● Listed entries
>>

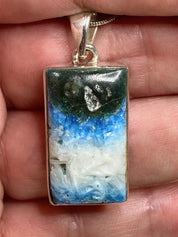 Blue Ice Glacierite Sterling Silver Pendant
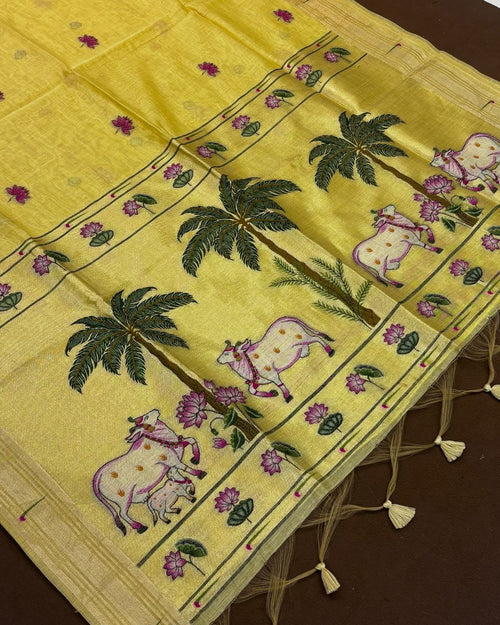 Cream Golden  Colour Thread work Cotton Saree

<<
>>

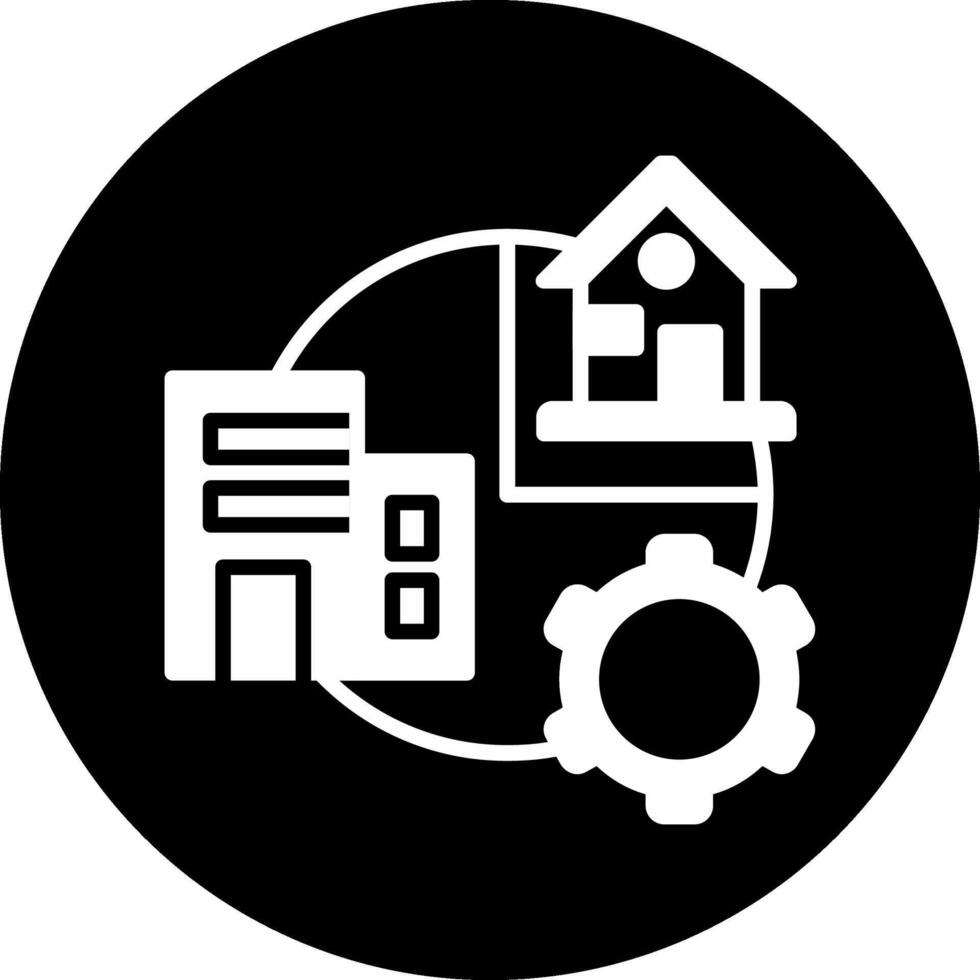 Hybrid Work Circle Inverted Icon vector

<<

● The problem
For this exercise, set down the lines in the entries above from the one with "Blue Ice Glacierite Sterling Silver Pendant" through the one with "work Cotton Saree" exactly as written, without any pictures.

● Result of the task
 Blue Ice Glacierite Sterling Silver Pendant
 Cream Golden  Colour Thread work Cotton Saree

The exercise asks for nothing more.